### Problem details
Please give back the lines from the line containing "Ein Bräutigam im" through the end of the listing below, exactly as written and without pictures.

### Data section
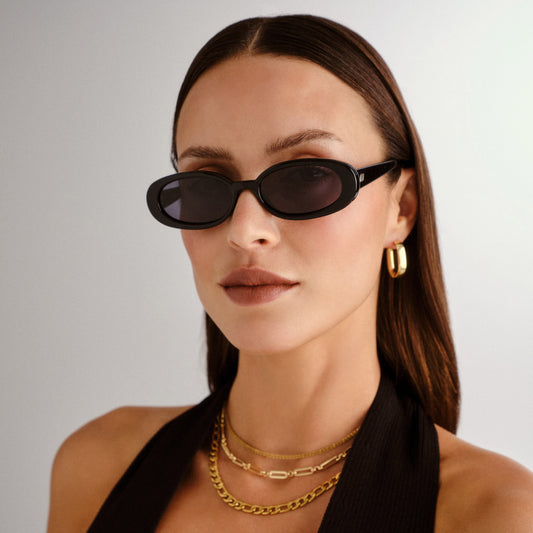 Black Le Specs Sunglasses on a female model front view
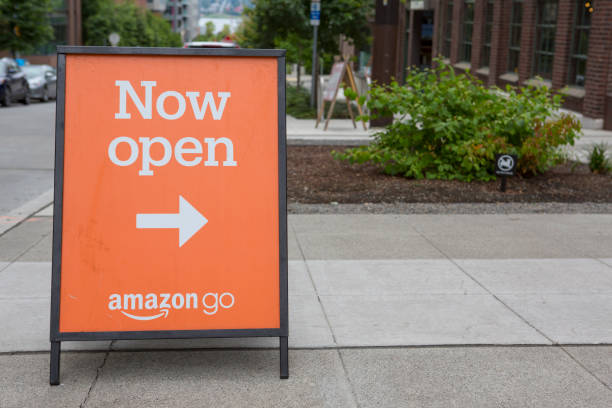Amazon Go Retail Store with Automated Contactless Payment Amazon Go, owned by Amazon.com, located in the South Lake Union district of Seattle, Washington, offers a cashierless or contactless payment.  The a-frame sign announces “now open”. convenience store stock pictures, royalty-free photos & images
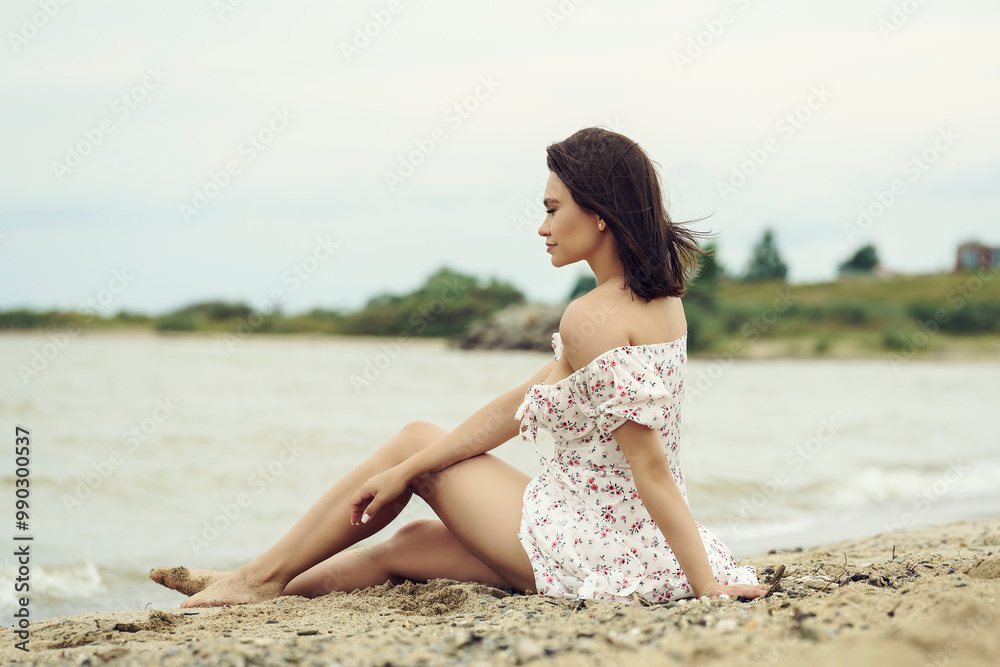 woman in a white dress is sitting on the beach by the sea, enjoying her rest and looking into the distance woman in a white dress is sitting on the beach by the sea, enjoying her rest and looking into the distance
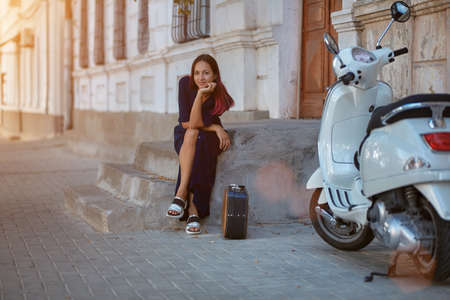 Lady sit on step with suitcase. White motorbike on right side and building on backdrop. Travel time...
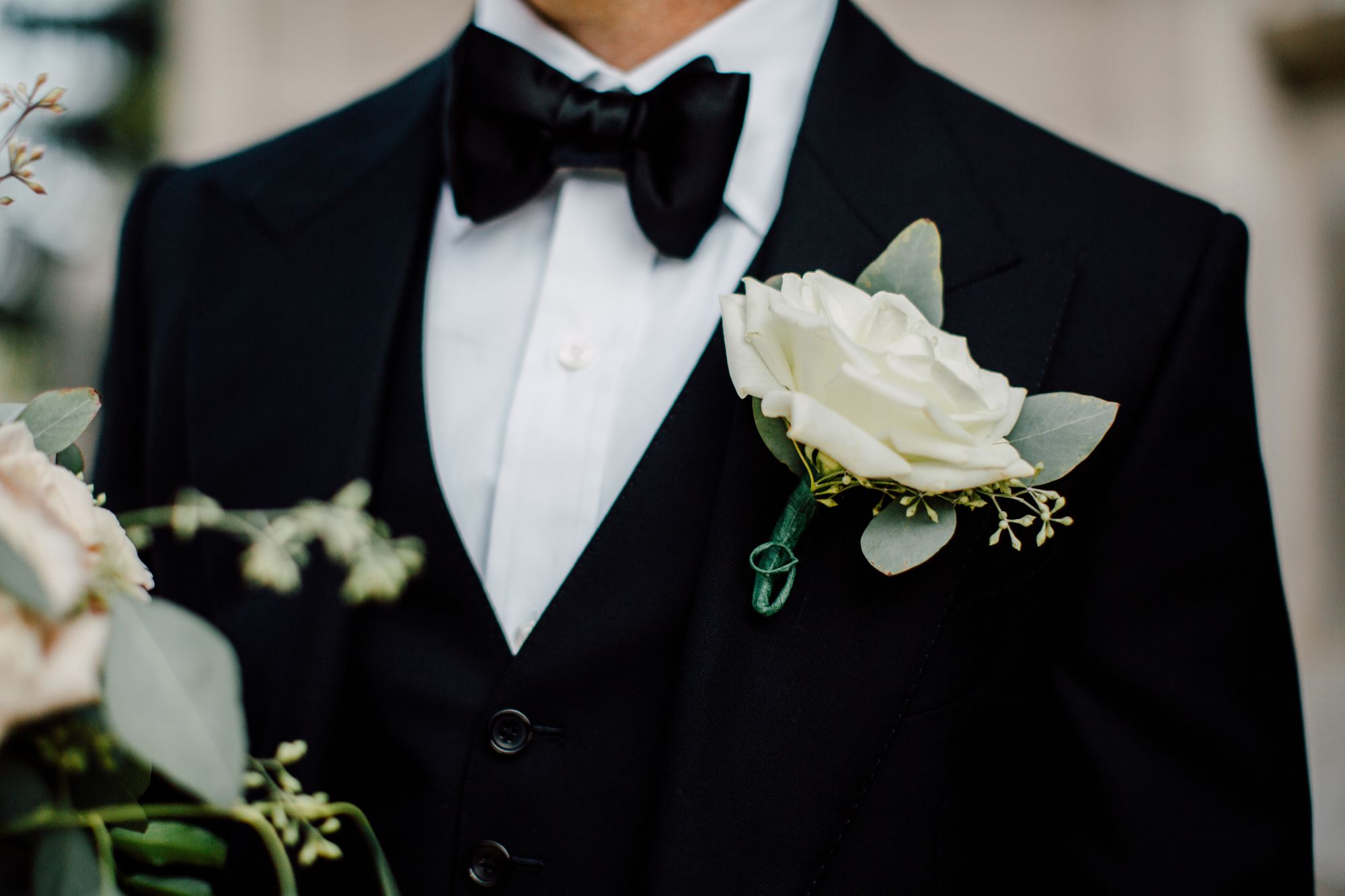 Ein Bräutigam im schwarzen Smoking mit einer weißen Blume am Revers.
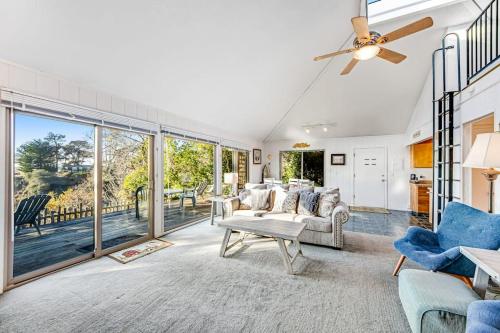 a living room with a ceiling fan and large windows at Cove House in Gualala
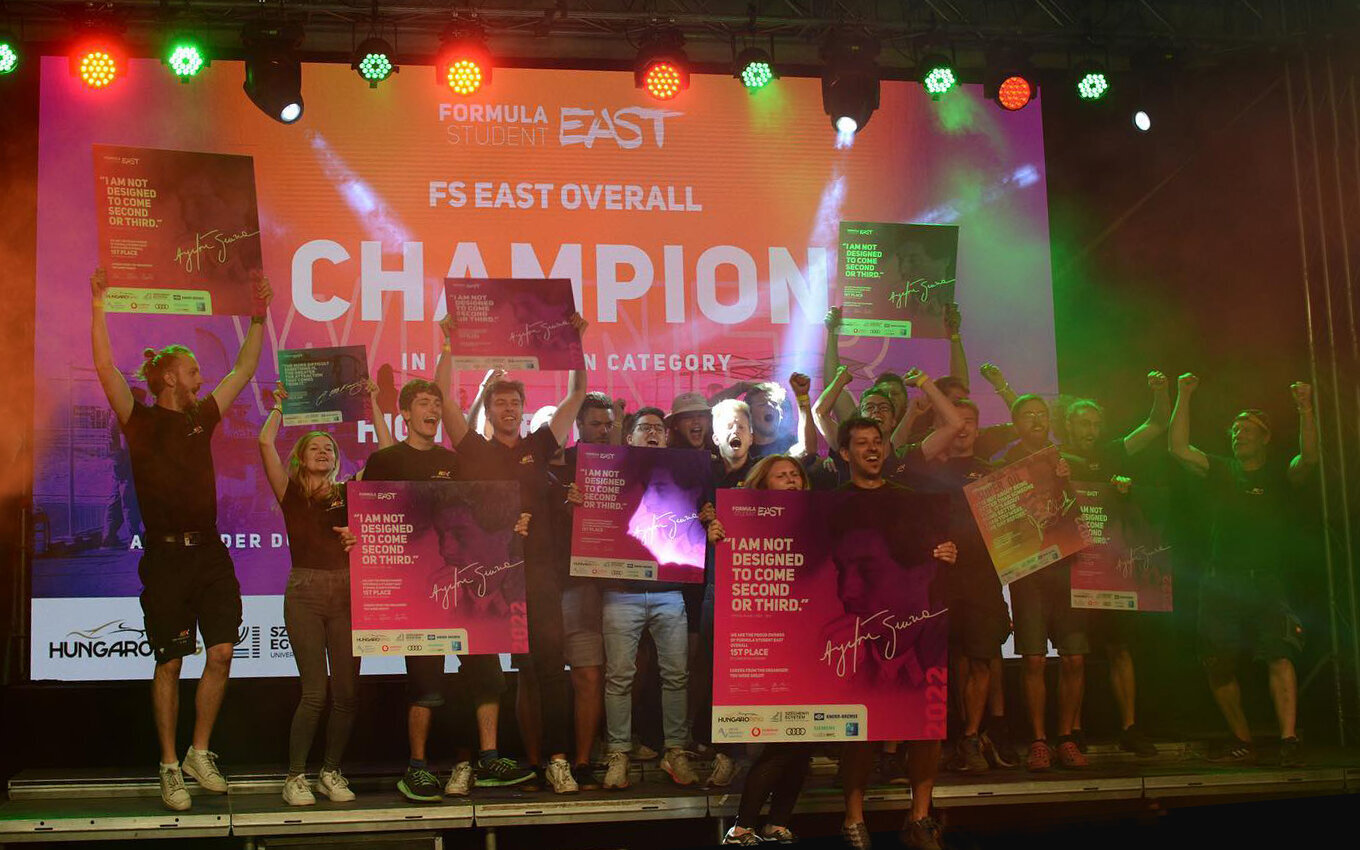 group of students on a stage, holding placards and cheering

### Answer space
 Ein Bräutigam im schwarzen Smoking mit einer weißen Blume am Revers.
 a living room with a ceiling fan and large windows at Cove House in Gualala
 group of students on a stage, holding placards and cheering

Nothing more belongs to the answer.